Le premier conseil exécutif postélectoral était à vocation pédagogique. Du haut de la tribune, le ton était à la didactique à l'adresse des 26 nouveaux maires. Et ce, qu'il s'agisse de l'ABC de l'administration publique, du guide de gestion municipale, des axes de la feuille de route de la wilaya? Mais sur le «règlement intérieur», sur les «lignes rouges», le wali se montrait moins pédagogue. Il était implacable, intraitable.

«Si j'apprends l'érection de constructions illicites de fraîche date, non signalées par le président de l'APC, je considère que celui-ci en est complice. Et il sera sanctionné en tant que tel», a-t-il averti. Ça ne relève point de l'approche du «fusible», de l'arbitraire ou de la présomption de culpabilité, comme rétorqueraient certains pourfendeurs. On n'est certes pas dans le registre juridictionnel, mais force est de reconnaître que c'est là un jugement juste de la part du détenteur de l'autorité de l'Etat et délégué du Gouvernement à l'échelon local. Le maire, en effet, qui a la qualité d'officier de police judiciaire en vertu du code communal, se rendrait complice passif de l'auteur et du co-auteur en fermant les yeux sur l'infraction qui est la construction illégale commise sur son territoire communal qu'il administre et dont il a la charge de veiller au respect et à l'application de la législation et de la réglementation en vigueur, en matière d'urbanisme dans le cas d'espèce. La réalisation de travaux sans autorisation constitue même une infraction pénale. Le maire, en son statut d'officier de police judiciaire, est tenu de faire constater l'infraction en dressant un procès-verbal et d'en transmettre une copie sans délai au procureur de la République. Ces procès-verbaux font foi jusqu'à preuve du contraire.

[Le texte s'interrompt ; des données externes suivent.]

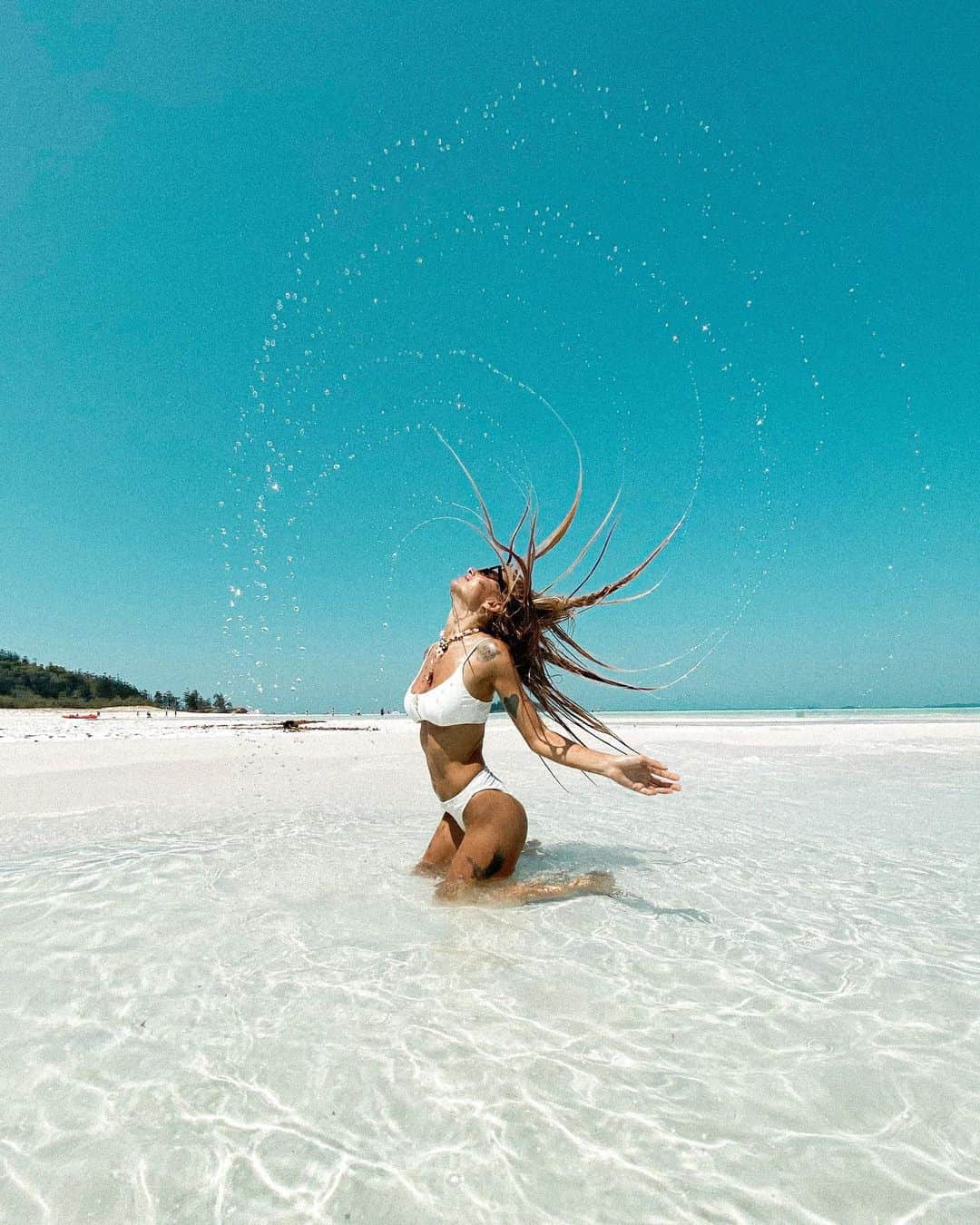 ルー・ティーズデールさんのインスタグラム写真 - (ルー・ティーズデールInstagram)「Timehop slideshow -  - a year ago today in the Whitsundays 😫(slide for the sickest flicky hair pic you’ve ever seen 🤪) - 3 years ago playing Friends heads up with Caroline 😢 and @tomocampbell being annoying in games as usual.  - 5 years ago today Lux modelling 😍😍 - 6 years ago bein a make up artist for 1D (oh no, their security guards LOLL) @patrickcp_pics  - 9 years ago today 2 month old Lux on set shooting with @bybellazine ⭐️🤩」11月15日 18時10分 - louteasdale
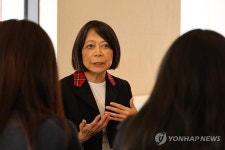 치마 입고 눈물 흘리는 토끼…대전 헤레디움 이케무라 레이코展(종합)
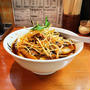 旨辛ネギチャーシュー麺にワンタン2個をトッピングして手もみ平打ち麺変更で啜る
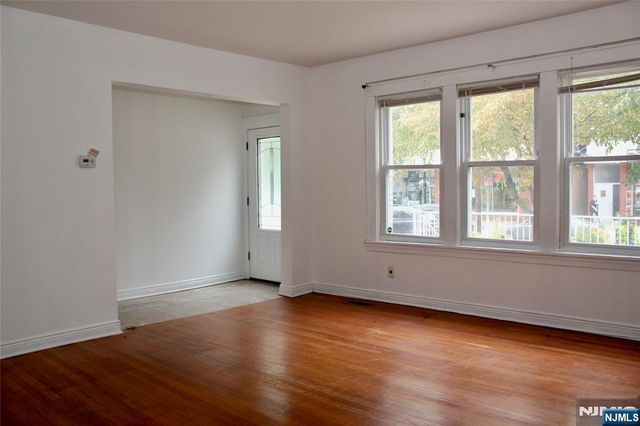 424 Lafayette Ave 1st Floor, Hawthorne, NJ 07506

La complicité plus que présumée des maires

La loi permet même au président de l'APC -elle l'y oblige- de procéder à la démolition directe en cas de constatation de travaux sans permis de construire. Le directeur de l'Urbanisme, invité au pupitre par le chef de l'exécutif pour esquisser aux nouveaux maires la ligne de conduite à observer face à des transgressions en matière d'urbanisme, a bien entendu rappelé cette règle de réaction unilatérale, directe et non sujette à aucune demande préalable auprès de la tutelle, qui doit se faire dans la semaine, tout au plus, après la constatation du fait infractionnel. Il a noté qu'«à défaut» -comprendre par là : si la situation les dépasse- les maires peuvent compter sur l'intervention du wali, qui peut signer un arrêté de démolir et en ordonner l'exécution dans un délai d'un mois. «Ce mode alternatif est fort improbable. Il a trop peu de chance d'avoir lieu, pour ne pas dire à exclure. Les maires ont assez de prérogatives pour faire face au phénomène des constructions illicites. Ils doivent user de leur plein pouvoir, sans en abuser. Nous serons toujours à leurs côtés et mettrons à leur disposition la force publique à chaque fois que de besoin. Cela dit, pour mettre à terre des amorces-poteaux, on n'a même pas besoin de réquisition», a répliqué Mouloud Cherifi, en interrompant le DUC dans son récit. A juste raison : l'exception du recours «nolens volens» à la voie hiérarchique en sollicitant l'intervention du wali, valable dans des cas extrêmes où l'autorité municipale se voit dans l'incapacité de s'exercer devant un cas d'extrême sensibilité, d'empêchement majeur ou qui la dépasse tout court, peut avoir «a contrario» cet effet pervers si elle venait de servir de prétexte tout fait, d'un article échappatoire entre les mains des communaux pour se dérober de leurs responsabilité.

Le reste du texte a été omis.